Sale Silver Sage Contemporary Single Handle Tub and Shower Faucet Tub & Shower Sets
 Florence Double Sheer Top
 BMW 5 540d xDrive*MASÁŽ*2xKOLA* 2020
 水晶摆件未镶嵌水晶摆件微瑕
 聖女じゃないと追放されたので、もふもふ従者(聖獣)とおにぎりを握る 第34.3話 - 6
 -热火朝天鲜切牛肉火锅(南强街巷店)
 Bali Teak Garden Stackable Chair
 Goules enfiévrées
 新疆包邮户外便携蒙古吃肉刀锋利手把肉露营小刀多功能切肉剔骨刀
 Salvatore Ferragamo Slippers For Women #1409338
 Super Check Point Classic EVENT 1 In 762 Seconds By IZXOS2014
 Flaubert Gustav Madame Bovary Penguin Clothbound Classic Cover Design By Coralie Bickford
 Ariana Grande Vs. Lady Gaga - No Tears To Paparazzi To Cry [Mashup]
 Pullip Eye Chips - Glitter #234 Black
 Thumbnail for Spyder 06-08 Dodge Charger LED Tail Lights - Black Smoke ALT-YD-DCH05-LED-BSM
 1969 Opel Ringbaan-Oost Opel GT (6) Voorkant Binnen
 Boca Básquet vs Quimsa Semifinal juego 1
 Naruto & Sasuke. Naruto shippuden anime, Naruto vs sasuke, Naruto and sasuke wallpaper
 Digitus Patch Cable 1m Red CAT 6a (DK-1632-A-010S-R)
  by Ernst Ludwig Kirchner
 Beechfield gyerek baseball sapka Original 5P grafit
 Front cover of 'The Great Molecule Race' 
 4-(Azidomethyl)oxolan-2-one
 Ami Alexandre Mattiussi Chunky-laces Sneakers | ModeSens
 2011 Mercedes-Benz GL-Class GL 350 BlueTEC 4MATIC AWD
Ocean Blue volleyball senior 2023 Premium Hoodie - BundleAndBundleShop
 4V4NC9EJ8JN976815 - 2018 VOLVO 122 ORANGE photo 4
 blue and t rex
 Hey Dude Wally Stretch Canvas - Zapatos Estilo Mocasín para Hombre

• **What is needed**
Each entry above should be written again exactly.

• **Solution for this task**
Sale Silver Sage Contemporary Single Handle Tub and Shower Faucet Tub & Shower Sets
 Florence Double Sheer Top
 BMW 5 540d xDrive*MASÁŽ*2xKOLA* 2020
 水晶摆件未镶嵌水晶摆件微瑕
 聖女じゃないと追放されたので、もふもふ従者(聖獣)とおにぎりを握る 第34.3話 - 6
 -热火朝天鲜切牛肉火锅(南强街巷店)
 Bali Teak Garden Stackable Chair
 Goules enfiévrées
 新疆包邮户外便携蒙古吃肉刀锋利手把肉露营小刀多功能切肉剔骨刀
 Salvatore Ferragamo Slippers For Women #1409338
 Super Check Point Classic EVENT 1 In 762 Seconds By IZXOS2014
 Flaubert Gustav Madame Bovary Penguin Clothbound Classic Cover Design By Coralie Bickford
 Ariana Grande Vs. Lady Gaga - No Tears To Paparazzi To Cry [Mashup]
 Pullip Eye Chips - Glitter #234 Black
 Thumbnail for Spyder 06-08 Dodge Charger LED Tail Lights - Black Smoke ALT-YD-DCH05-LED-BSM
 1969 Opel Ringbaan-Oost Opel GT (6) Voorkant Binnen
 Boca Básquet vs Quimsa Semifinal juego 1
 Naruto & Sasuke. Naruto shippuden anime, Naruto vs sasuke, Naruto and sasuke wallpaper
 Digitus Patch Cable 1m Red CAT 6a (DK-1632-A-010S-R)
  by Ernst Ludwig Kirchner
 Beechfield gyerek baseball sapka Original 5P grafit
 Front cover of 'The Great Molecule Race' 
 4-(Azidomethyl)oxolan-2-one
 Ami Alexandre Mattiussi Chunky-laces Sneakers | ModeSens
 2011 Mercedes-Benz GL-Class GL 350 BlueTEC 4MATIC AWD
Ocean Blue volleyball senior 2023 Premium Hoodie - BundleAndBundleShop
 4V4NC9EJ8JN976815 - 2018 VOLVO 122 ORANGE photo 4
 blue and t rex
 Hey Dude Wally Stretch Canvas - Zapatos Estilo Mocasín para Hombre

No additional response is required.